Facebook<-read.delim(file="small_facebook_set.txt", header=TRUE)
Facebook$RRS<-rowSums(Facebook[,3:24])
reverse<-function(max,min,x) {
  y<-(max+min)-x
  return(y)
}
Facebook$Sav2R<-reverse(7,1,Facebook$Sav2)
Facebook$Sav4R<-reverse(7,1,Facebook$Sav4)
Facebook$Sav6R<-reverse(7,1,Facebook$Sav6)
Facebook$Sav8R<-reverse(7,1,Facebook$Sav8)
Facebook$Sav10R<-reverse(7,1,Facebook$Sav10)
Facebook$Sav12R<-reverse(7,1,Facebook$Sav12)
Facebook$Sav14R<-reverse(7,1,Facebook$Sav14)
Facebook$Sav16R<-reverse(7,1,Facebook$Sav16)
Facebook$Sav18R<-reverse(7,1,Facebook$Sav18)
Facebook$Sav20R<-reverse(7,1,Facebook$Sav20)
Facebook$Sav22R<-reverse(7,1,Facebook$Sav22)
Facebook$Sav24R<-reverse(7,1,Facebook$Sav24)
Facebook$SBI<-Facebook$Sav2R+Facebook$Sav4R+Facebook$Sav6R+
  Facebook$Sav8R+Facebook$Sav10R+Facebook$Sav12R+Facebook$Sav14R+
  Facebook$Sav16R+Facebook$Sav18R+Facebook$Sav20R+Facebook$Sav22R+
  Facebook$Sav24R+Facebook$Sav1+Facebook$Sav3+Facebook$Sav5+
  Facebook$Sav7+Facebook$Sav9+Facebook$Sav11+Facebook$Sav13+Facebook$Sav15+
  Facebook$Sav17+Facebook$Sav19+Facebook$Sav21+Facebook$Sav23
library(ggplot2)

I'll use a scale I haven't really used in this series - the Savoring Beliefs Inventory. This measure was created by Fred Bryant, who was my faculty sponsor for this research (since I was still a grad student at the time). Fred also taught me structural equation modeling. The measure assesses a concept Fred calls savoring - fixating on positive events and feelings to retain those feelings of joy and pleasure. I selected this measure to include because, as I mentioned to Fred, I felt savoring was the opposite of rumination. (While he thought I'd made a good point, he told me he thought of savoring as the opposite of coping, which makes sense.)

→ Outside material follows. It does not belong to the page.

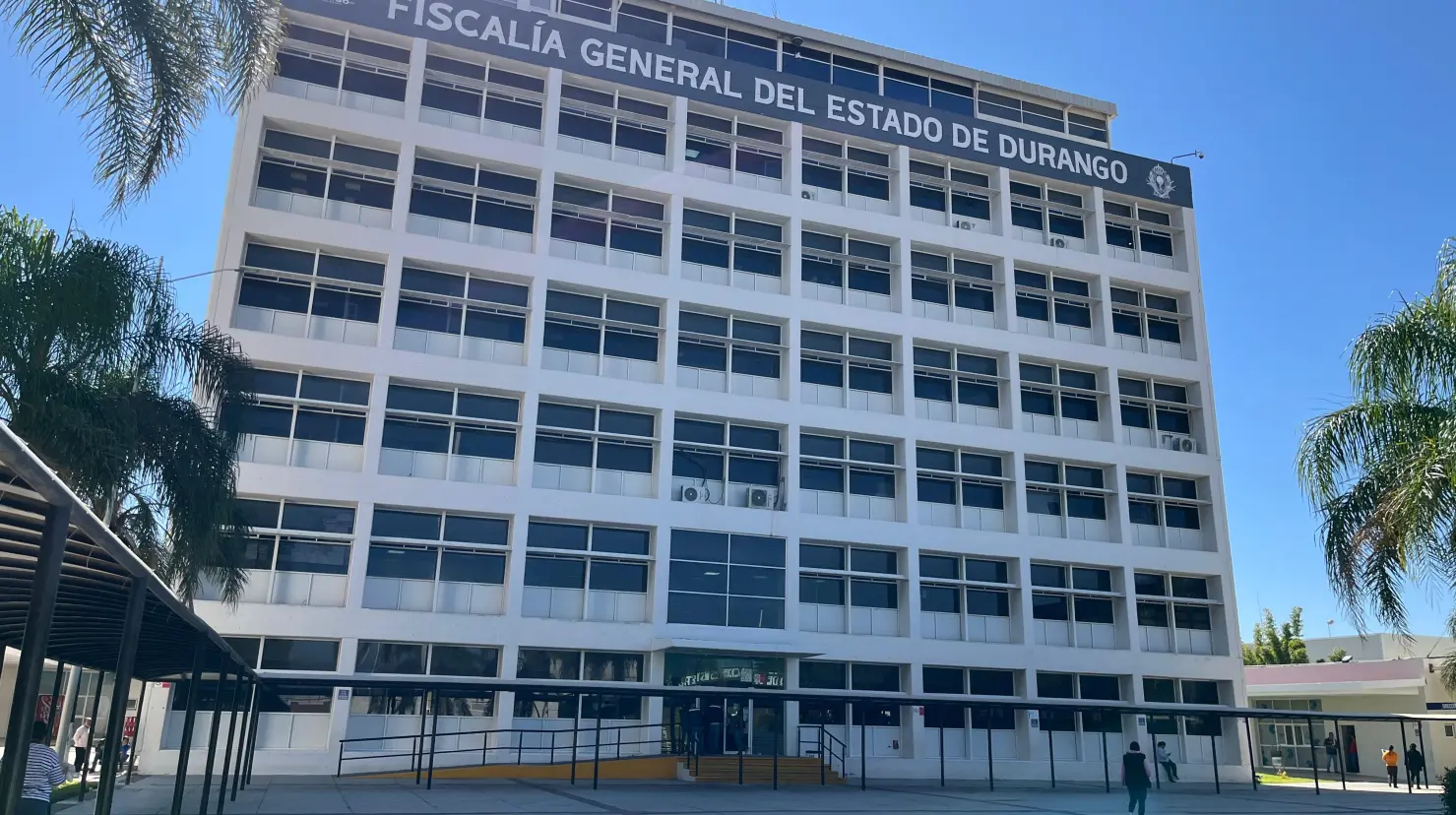 El gobernador de estado, Esteban Villegas informó que será la fiscalía quien de a conocer la investigación del homicidio de un jóven en Gómez Palacio. Foto: Jesús Carrillo.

Using the qplot function, we can quickly generate a histogram with total SBI score.

qplot(SBI, data=Facebook)

## `stat_bin()` using `bins = 30`. Pick better value with `binwidth`.

This variable shows a negative skew: there is a long tail (fewer cases than we'd expect if this followed the normal distribution) at the low end, the highest part of the distribution is to the right of center, and there is much less of a tail at the high end (more cases than we'd expect if this followed the normal distribution). We're also getting a message about bins. Right now, the histogram is slicing up the values between the minimum and the maximum into 30 bars. We can reduce this number to smooth out the distribution.